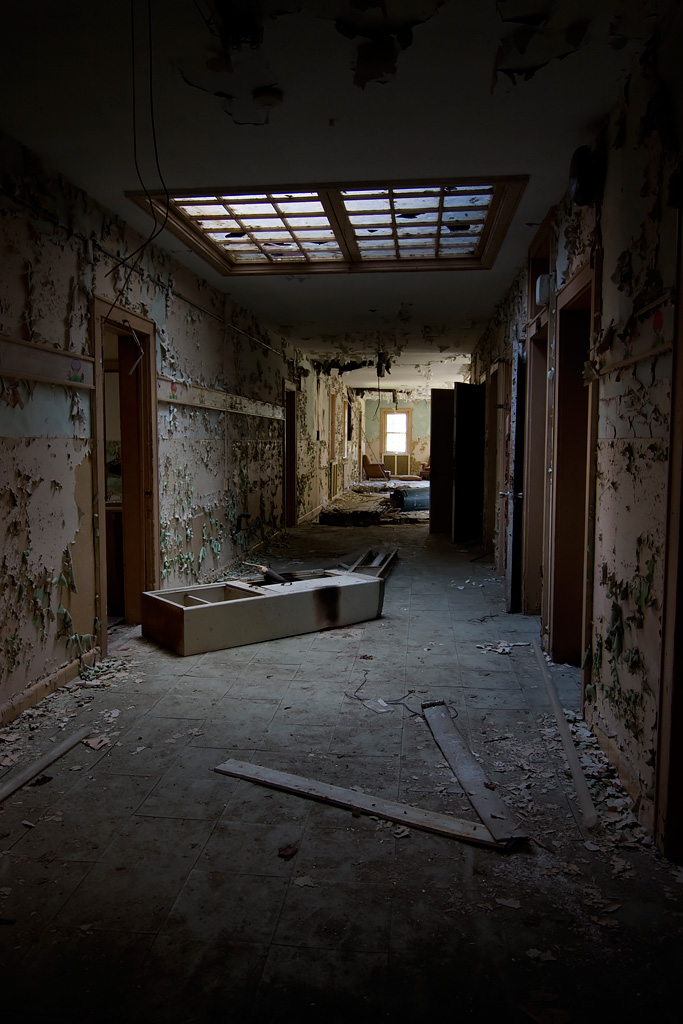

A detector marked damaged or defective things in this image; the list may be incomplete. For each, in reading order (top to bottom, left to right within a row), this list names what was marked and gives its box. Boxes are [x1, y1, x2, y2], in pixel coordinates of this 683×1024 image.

peeling paint wall [0, 132, 305, 708]
peeling paint wall [360, 391, 430, 475]
broken board [143, 569, 385, 655]
broken board [214, 757, 511, 851]
broken board [421, 700, 528, 843]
______________________________
PROMPT: Dropping every picture, restate the material word for word.

EXERCISE SOLUTION:
A detector marked damaged or defective things in this image; the list may be incomplete. For each, in reading order (top to bottom, left to right within a row), this list names what was marked and gives its box. Boxes are [x1, y1, x2, y2], in pixel coordinates of this 683×1024 image.

peeling paint wall [0, 132, 305, 708]
peeling paint wall [360, 391, 430, 475]
broken board [143, 569, 385, 655]
broken board [214, 757, 511, 851]
broken board [421, 700, 528, 843]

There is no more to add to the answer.